Title: Auditing data streams for correlated glitches
Authors: Ji Meng Loh; Tamraparni Dasu
Addresses: New Jersey Institute of Technology, University Heights, Newark, NJ 07102, USA ' AT&T Labs Research, 180 Park Avenue, Florham Park, NJ 07976, USA
Abstract: Cellular networks carry massive volumes of voice, text and data traffic every second. The networks are monitored constantly to measure network performance, detect traffic congestion, identify anomalies, and to serve other customer service and network support functions. Data collected from mobility networks is used to make many critical decisions. The quality of the information plays an important role in the effectiveness of these decisions. Therefore, it is important to ensure that the data collected from cellular networks meet quality standards. In particular, identifying glitches that are correlated can help in isolating root causes and facilitate more efficient problem solving in the network, as well as quicker data repairs. In this paper, we present a methodology for automated auditing of massive, complex data streams with a focus on correlated glitches, and a case study that illustrates the application of this methodology. The methodology has two main components: a set of logical constraints that embody domain specific information, and statistical methods for identifying correlated glitches to enable automated quantitative cleaning of data. Together, the two components provide a comprehensive yet customisable set of criteria for evaluating information quality as a function of time and network topology.
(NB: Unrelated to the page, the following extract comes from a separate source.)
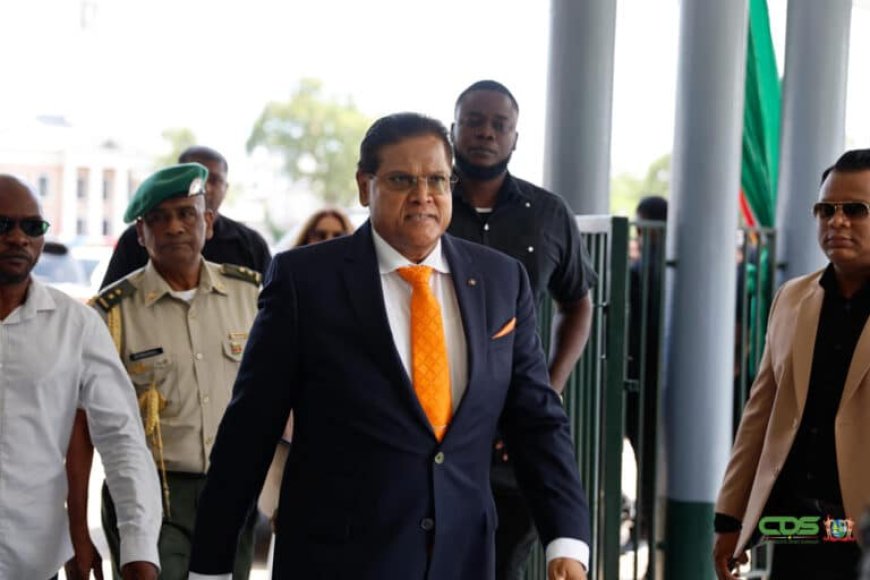 HUIDIG BELEID LIJKT STERK OP HET OUDE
Keywords: data quality; correlated glitches; automated detection; data stream mining; spatio-temporal analysis; hierarchical data; information quality; network monitoring; mobile networks; cellular networks; data collection; automated auditing; data stream auditing.
International Journal of Information Quality, 2013 Vol.3 No.2, pp.85 - 106
Received: 27 Mar 2012
Accepted: 08 Sep 2012
Published online: 26 Jul 2014 *